- Short text fragments from websites -
____________________
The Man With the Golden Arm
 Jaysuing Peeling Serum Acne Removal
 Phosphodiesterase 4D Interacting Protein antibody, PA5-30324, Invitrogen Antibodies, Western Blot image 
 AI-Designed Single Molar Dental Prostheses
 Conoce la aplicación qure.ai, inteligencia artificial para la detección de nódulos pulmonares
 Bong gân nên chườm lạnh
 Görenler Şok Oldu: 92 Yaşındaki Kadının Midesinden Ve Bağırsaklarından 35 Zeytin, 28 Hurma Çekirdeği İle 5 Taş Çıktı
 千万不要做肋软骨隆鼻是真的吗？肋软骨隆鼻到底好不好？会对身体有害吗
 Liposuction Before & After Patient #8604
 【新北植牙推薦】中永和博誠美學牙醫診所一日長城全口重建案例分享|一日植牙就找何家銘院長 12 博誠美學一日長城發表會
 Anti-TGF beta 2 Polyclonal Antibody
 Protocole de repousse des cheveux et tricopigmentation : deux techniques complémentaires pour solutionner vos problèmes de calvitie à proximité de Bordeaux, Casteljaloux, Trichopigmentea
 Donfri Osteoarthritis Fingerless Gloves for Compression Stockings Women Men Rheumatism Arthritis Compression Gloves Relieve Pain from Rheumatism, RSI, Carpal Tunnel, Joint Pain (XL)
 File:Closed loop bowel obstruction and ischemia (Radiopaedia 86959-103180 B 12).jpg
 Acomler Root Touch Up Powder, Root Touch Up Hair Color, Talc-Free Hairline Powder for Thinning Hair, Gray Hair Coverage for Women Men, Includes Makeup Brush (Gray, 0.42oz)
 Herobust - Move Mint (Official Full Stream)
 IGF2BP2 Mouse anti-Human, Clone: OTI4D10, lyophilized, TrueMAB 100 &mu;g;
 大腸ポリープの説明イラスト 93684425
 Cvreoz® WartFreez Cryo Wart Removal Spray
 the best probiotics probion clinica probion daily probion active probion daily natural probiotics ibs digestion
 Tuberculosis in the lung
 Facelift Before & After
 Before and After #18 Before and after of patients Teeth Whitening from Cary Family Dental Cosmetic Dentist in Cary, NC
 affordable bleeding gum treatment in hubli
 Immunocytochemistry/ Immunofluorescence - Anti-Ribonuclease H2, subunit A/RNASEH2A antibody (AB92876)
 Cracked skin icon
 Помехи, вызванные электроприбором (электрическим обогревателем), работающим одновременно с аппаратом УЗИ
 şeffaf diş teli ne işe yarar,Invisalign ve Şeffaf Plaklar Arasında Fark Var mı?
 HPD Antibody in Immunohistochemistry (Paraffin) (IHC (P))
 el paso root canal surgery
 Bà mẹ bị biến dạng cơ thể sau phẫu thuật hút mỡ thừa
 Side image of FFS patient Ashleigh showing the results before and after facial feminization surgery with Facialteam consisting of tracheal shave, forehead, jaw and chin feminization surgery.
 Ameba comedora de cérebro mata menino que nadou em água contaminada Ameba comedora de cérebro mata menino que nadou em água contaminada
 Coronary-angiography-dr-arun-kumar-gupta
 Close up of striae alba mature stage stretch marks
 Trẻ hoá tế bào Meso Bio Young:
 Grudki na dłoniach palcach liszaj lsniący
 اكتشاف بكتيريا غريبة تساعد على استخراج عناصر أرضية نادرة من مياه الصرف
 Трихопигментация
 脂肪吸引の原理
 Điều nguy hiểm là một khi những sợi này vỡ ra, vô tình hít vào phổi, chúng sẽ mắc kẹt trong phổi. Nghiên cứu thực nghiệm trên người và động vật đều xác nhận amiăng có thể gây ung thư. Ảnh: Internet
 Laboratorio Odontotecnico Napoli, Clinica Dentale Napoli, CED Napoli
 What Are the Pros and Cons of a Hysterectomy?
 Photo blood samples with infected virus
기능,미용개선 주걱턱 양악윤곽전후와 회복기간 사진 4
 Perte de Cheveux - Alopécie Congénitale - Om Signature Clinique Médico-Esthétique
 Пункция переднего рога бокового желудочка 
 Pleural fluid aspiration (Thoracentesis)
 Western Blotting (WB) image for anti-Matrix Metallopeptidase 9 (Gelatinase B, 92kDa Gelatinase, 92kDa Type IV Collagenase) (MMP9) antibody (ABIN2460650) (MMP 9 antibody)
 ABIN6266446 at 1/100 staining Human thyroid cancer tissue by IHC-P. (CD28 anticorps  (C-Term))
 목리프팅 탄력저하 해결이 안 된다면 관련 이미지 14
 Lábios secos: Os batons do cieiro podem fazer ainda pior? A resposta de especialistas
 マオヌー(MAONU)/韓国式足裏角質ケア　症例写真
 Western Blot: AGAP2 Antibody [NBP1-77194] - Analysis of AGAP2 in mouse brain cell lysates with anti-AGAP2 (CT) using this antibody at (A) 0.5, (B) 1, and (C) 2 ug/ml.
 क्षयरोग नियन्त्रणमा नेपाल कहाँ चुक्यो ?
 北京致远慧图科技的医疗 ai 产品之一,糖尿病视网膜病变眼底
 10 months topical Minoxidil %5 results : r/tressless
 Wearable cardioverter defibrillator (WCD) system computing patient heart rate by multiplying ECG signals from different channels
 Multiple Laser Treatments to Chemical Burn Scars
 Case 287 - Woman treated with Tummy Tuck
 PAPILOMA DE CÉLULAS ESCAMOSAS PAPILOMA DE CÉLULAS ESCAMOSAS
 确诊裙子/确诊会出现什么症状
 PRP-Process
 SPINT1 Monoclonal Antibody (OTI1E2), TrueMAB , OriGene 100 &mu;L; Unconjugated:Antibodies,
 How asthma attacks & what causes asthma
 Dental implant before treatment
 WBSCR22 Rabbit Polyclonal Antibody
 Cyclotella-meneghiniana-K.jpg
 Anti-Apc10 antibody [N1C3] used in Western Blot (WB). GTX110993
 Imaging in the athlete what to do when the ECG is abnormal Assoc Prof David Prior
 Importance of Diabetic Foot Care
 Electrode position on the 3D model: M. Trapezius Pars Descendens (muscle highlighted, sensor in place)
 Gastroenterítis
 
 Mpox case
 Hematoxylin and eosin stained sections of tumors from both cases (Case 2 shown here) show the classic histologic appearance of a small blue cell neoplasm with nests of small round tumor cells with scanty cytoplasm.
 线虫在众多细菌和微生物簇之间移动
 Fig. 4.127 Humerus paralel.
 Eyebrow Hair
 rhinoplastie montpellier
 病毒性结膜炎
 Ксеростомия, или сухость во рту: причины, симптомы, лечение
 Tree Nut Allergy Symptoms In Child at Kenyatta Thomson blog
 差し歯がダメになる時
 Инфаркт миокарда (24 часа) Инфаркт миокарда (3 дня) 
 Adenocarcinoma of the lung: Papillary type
____________________
- TASK DETAILS -
I need every line of the data that has the word "lung"; please list them.

- ANSWER -
 Tuberculosis in the lung
 Adenocarcinoma of the lung: Papillary type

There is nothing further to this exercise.